So trendy has the ancient science become–that a whole day, June 21st–has been dedicated to the ancient practice by the United Nations.
One of the proponents of Yoga, who has taken the world by storm is RamaKrishna Yadav, more popularly known as Baba Ramdev.
Belonging to a humble background in Mahendragarh, Haryana, Ramdev studied yoga, scriptures and Sanskrit in various gurukuls before adopting the renounced order and metamorphosizing into India’s leading yoga guru.
Soon he established a trust in 1995, before moving onto greener pastures, when Aastha TV, a religious-cum-spiritual channel, started airing Ramdev in its morning yoga slot.
Now when the Indian populace woke up from its slumber, it was seamlessly greeted by Baba’s prietzel postures and rapid huffs and puffs. Having been deprived of precious time, the middle class suddenly found a viable alternative to revitalizing their damaged health.
Gurus, as is the trend in India, come with an unquestionable tag of trust and faith. Virtually no time had passed than the masses started embracing Baba’s unique dance moves, without an iota of doubt as to the credibility of the teaching being bombarded on their minds.
Yoga, like any other science, comes with certain inlaid prescriptions. These have, however, been overlooked by majority of Baba’s practitioners, causing great harm to themselves and the world.
Hatha Yoga–the system of yoga practiced and propounded by Baba Ramdev–involves a progressive series of eight steps, meant for purification of the body and the mind.
Patanjali, the codifier of the Yoga-Sutras, also lays down certain guidelines for ascending the eight-fold ladder of enlightenment.
Before moving on to higher rungs of the ladder, one has to step on the lower ones.
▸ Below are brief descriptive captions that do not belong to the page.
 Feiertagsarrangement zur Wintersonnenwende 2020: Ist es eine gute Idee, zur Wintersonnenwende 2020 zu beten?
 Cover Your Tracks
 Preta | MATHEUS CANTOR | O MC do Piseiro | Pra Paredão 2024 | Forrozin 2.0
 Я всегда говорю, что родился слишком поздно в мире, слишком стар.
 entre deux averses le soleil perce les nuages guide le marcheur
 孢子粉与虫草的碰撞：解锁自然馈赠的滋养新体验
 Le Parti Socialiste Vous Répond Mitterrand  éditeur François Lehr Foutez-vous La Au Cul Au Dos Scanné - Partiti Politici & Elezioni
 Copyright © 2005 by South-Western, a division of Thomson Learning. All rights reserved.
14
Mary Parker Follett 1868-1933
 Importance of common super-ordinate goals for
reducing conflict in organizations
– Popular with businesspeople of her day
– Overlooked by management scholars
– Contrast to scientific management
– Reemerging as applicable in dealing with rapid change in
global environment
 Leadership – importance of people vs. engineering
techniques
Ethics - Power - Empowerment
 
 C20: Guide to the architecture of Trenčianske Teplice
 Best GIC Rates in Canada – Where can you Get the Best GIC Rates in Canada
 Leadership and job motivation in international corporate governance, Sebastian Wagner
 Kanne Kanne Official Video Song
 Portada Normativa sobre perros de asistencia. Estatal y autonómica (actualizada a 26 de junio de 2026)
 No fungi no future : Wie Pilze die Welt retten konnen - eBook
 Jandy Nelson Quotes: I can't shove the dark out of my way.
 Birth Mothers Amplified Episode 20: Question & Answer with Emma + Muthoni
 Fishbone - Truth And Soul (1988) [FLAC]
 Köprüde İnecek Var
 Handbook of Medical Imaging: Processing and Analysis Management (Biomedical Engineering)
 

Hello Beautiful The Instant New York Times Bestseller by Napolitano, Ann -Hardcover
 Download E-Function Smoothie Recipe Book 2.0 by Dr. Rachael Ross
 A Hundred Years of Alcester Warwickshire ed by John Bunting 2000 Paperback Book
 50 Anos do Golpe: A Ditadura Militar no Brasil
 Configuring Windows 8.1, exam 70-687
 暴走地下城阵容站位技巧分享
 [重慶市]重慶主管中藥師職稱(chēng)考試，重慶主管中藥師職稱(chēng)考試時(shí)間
Ramdev, however, obviates such a basic yet crucial aspect of Yoga to his followers on television.
For example, it is a well known fact among Yogis, that before practicing Asanas or physical postures, the aspirant has to follow Yama and Niyama, certain ethical and self-disciplining practices.
Where Ramdev transgresses the boundaries of serious yoga practice is when he expounds Pranayama or breathing exercises, the fourth limb of Hatha-Yoga without emphasizing the preceding three vital tenets.
Moreover, the practice of Pranayama itself, is not just limited to senseless, mindless inhalation and exhalation. It is an all-encompassing discipline which involves several injunctions for its safe and efficacious practice.
BKS Iyengar, one of the foremost teachers of Yoga, in his book Light on Yoga mentions certain subtle rules to be followed while practicing Pranayama, regulations which has been totally neglected by Baba Ramdev.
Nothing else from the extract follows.